Minkowski was persistent, and he got results. On his last run on the two-hundred-inch telescope, in the spring of 1960, he was determined to get a spectrum from an elusive and suspicious object, identified from the Cambridge compilation of radio sources as 3C 295. The object was so faint he couldn’t see it to center it on the slit of the spectrograph. He would have to guide the telescope, for a whole night of exposure, on a dark area of sky where previous direct photographs had identified the object. His final run on the telescope was scheduled for four nights. The first two nights were too cloudy to observe. Minkowski moped around the Monastery, watching his chances slip away. The next night the weather cleared, and he held a faint guide star in the crosshairs of his guiding eyepiece for an entire night. He and Allan Sandage had previously taken “trial plates” to determine that the tiny area of blackness that hid 3C 295 would be on the slit of the spectrograph if the guide star was in the crosshairs. Minkowski gambled, and on the fourth night continued the exposure—trusting Sinclair Smith’s wonderful control system to keep the telescope pointing to exactly the same spot. At midnight on the last night he rushed the slide down to the darkroom and developed it. The red shift he measured for 3C 295 was .46, meaning that the strange object was receding at 46 percent of the speed of light. It was the most distant and fastest-moving object yet discovered. Minkowski bounded into the Palomar library with a bottle of bourbon and three glasses, for himself, Sandage, and night assistant Robert Seares. Despite Byron Hill’s rules, he was going to celebrate. The “look back time” to 3C 295 was somewhere between one-third and one-half the age of the universe.

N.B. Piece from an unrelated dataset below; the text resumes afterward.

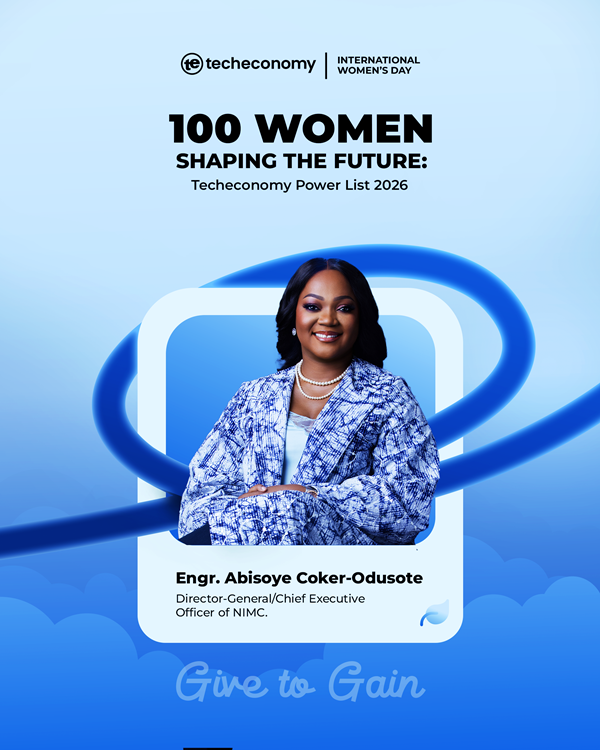 Engr. Abisoye Coker-Odusote | Techeconomy Power List 2026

Not every experiment was a success. There were some legendary failures. Fritz Zwicky was allocated little time on the two-hundred-inch telescope. In one experiment he used the two-hundred-inch telescope and the “little” Schmidt telescope, a few hundred yards away, to study the effect of artificial meteors on the atmosphere. The experiment required Ben Traxler, Zwicky’s favorite night assistant, to stand in the open shutter of the telescope, firing his .30-.30 carbine into the air while both the two-hundred-inch and Schmidt telescopes tried to record the path of the bullet. When the report from the rifle echoed over the mountaintop, astronomers accused Zwicky of trying to punch
a hole in the atmosphere to improve the seeing. Experiments like that one weren’t repeated.

Hubble suffered a heart attack in 1949 and was ill by the time the telescope was ready. In a photograph taken in the prime focus, he looks wan and pale. A bell was rigged near his bed in the Monastery, and the night assistants went out of their way to accommodate him on his few observing runs. When he could no longer observe, he picked a surrogate observer to carry on his work, Allan Sandage. As an undergraduate at the University of Illinois, Sandage had read about the telescope in David Woodbury’s book and decided that he would go to California to study with Hubble, the most famous astronomer in the world, and somehow work on the most famous telescope in the world. As one of the first Ph.D. students in astrophysics at Caltech, Sandage learned from Walter Baade the skill of identifying a Cepheid star among the thousands of stars in an image of a distant galaxy and then using the remarkable abilities of a trained human eye to compare the brightness of the Cepheid with other stars so its light curve could be calibrated. Allan Sandage probably spent more hours of dark time on the two-hundred than any other observer during its early years, as he relentlessly pursued the goal of refining the Hubble constant that relates the red shifts of distant galaxies to their distance, and thus gives the size and age of the universe.